Published in Proceedings of the 14th International Conference on Agents and Artificial Intelligence, 2022

Recommended citation: Felten, F., Danoy, G., Talbi, E. and Bouvry, P. (2022). Metaheuristics-based Exploration Strategies for Multi-Objective Reinforcement Learning. In Proceedings of the 14th International Conference on Agents and Artificial Intelligence - Volume 2: ICAART, ISBN 978-989-758-547-0; ISSN 2184-433X, pages 662-673. DOI: 10.5220/0010989100003116. https://www.scitepress.org/Link.aspx?doi=10.5220/0010989100003116

Abstract

The fields of Reinforcement Learning (RL) and Optimization aim at finding an optimal solution to a problem, characterized by an objective function. The exploration-exploitation dilemma (EED) is a well known subject in those fields. Indeed, a consequent amount of literature has already been proposed on the subject and shown it is a non-negligible topic to consider to achieve good performances.
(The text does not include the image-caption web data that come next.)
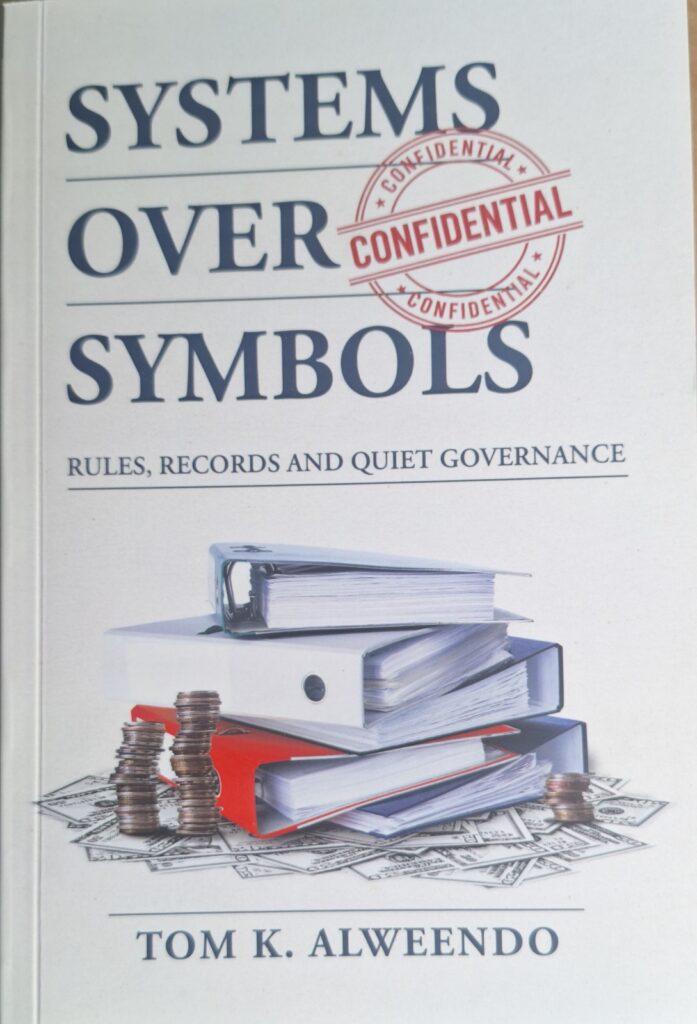 Book cover for 'Systems Over Symbols' with a red 'CONFIDENTIAL' stamp over the title and a stack of binders, folders, and coins on a surface beneath one another, against a light background.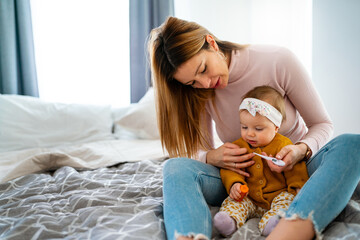 Wall Mural - Mother measuring temperature of her ill kid. Sick child with high fever, mother holding thermometer.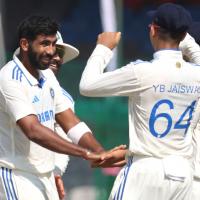 Jasprit Bumrah celebrates with teammates after taking the wicket of Mushfiqur Rahim.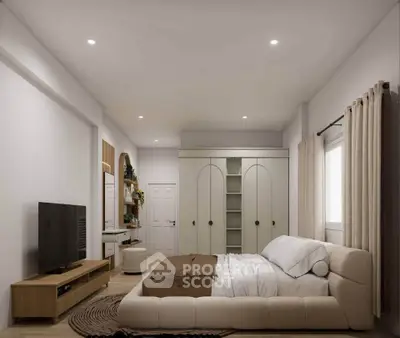 Spacious modern bedroom with elegant decor and ample natural light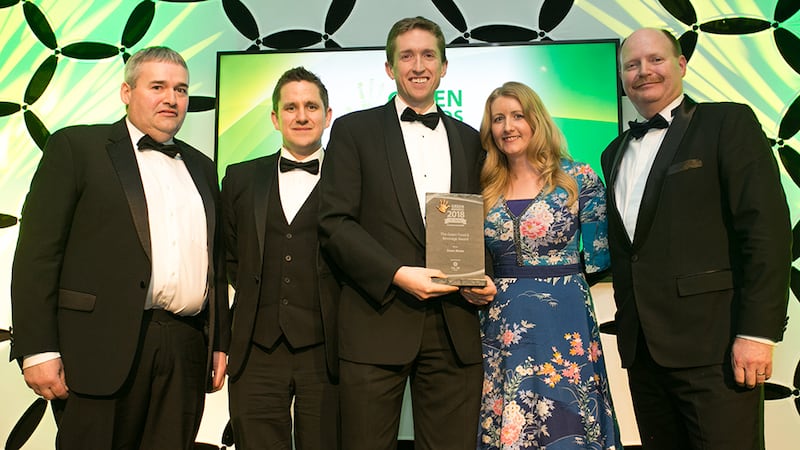 Mary Whinnery, Product Manager, Calor presents The Green Food & Beverage award to the Dawn Meats team.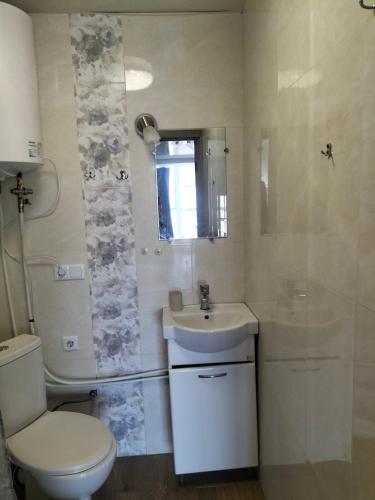 a bathroom with a toilet and a sink and a shower at Морской дом in Odesa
Yet, many problems in real life involve the optimization of multiple objectives. Multi-Policy Multi-Objective Reinforcement Learning (MPMORL) offers a way to learn various optimised behaviours for the agent in such problems. This work introduces a modular framework for the learning phase of such algorithms, allowing to ease the study of the EED in Inner-Loop MPMORL algorithms. We present three new exploration strategies inspired from the metaheuristics domain. To assess the performance of our methods on various environments, we use a classical benchmark - the Deep Sea Treasure (DST) - as well as propose a harder version of it. Our experiments show all of the proposed strategies outperform the current state-of-the-art ε-greedy based methods on the studied benchmarks.